髪の毛が黒く甦ってきた2026年06月25日 21時42分

 ああ、甦(よみがえ)って来たみたいだな。
 ごく細の白毛がうっすらと全体をおおって、読みとれなかったアタマの臨界線が黒っぽく見えてきた。同じ現象が眉毛の付け根でも起きはじめている。
 そういえば担当医師に向かって、「もう、きつくてたまらない」と、それまで10回も続けてきた点滴中止を訴えて、認められたのが5月11日だった。

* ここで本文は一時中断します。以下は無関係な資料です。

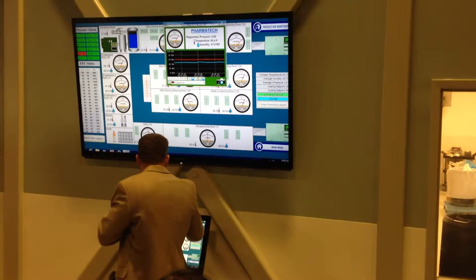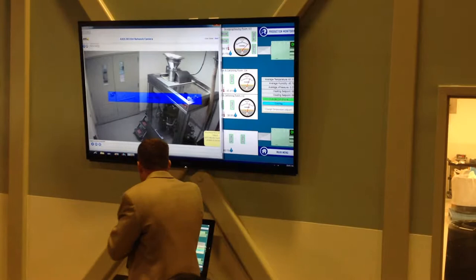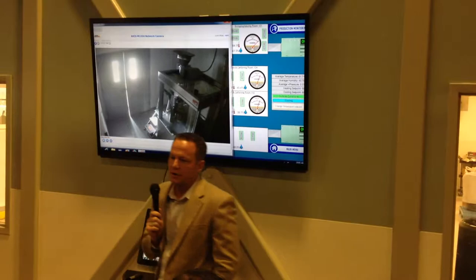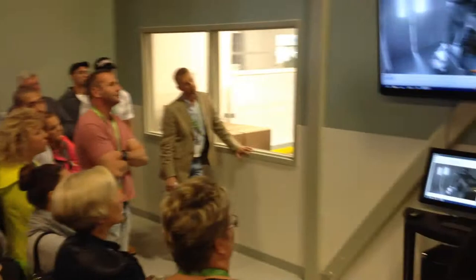The other piece of equipment we have is this Bosch encapsulator. This machine is pretty small, but it'll do 90,000 capsules an hour — very impressive. We just recently ordered, or are in the process of ordering, another Bosch, the next size up. It takes the same floor plan but has double the dosing capability and will do 180,000 caps an hour.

 あれからひと月半も経っている。そろそろ髪の毛が元に戻る時期が来たのだろう。この変化をいいことだと受け留めたい。
 だが、自分が思っていた以上に、いまも副作用のダメージは大きい。
点滴を止めた1週間後の夜は、医師から「もう駄目だね」と宣告された。気がつかないうちに、死ぬ間際まで重症化していた。
 それなのに、わずか3週間後には次の抗がん座を注入してしまった。
 その報いがこれだ。入院して2週間も経つのに、まだ退院までの見通しすらつかない。
 今日、夕方にベッドまでやって来た医師ともこんな簡単なやりとりで終わった。
「どう、調子は?」
「うーん。変わらないですね」
「まぁ、ゆっくりやりましょう」
 医者も懲りたのだろうか。相変わらず口数は少ないが、慎重な言いまわしに徹している。ぼくもそれでいいとおもっている。なんのかんの言っても、時間は流れているのだ。髪の毛がだんだん黒くなってきたように、副作用も過ごしずつ軽減しているに違いない。きっとそうだとおもう。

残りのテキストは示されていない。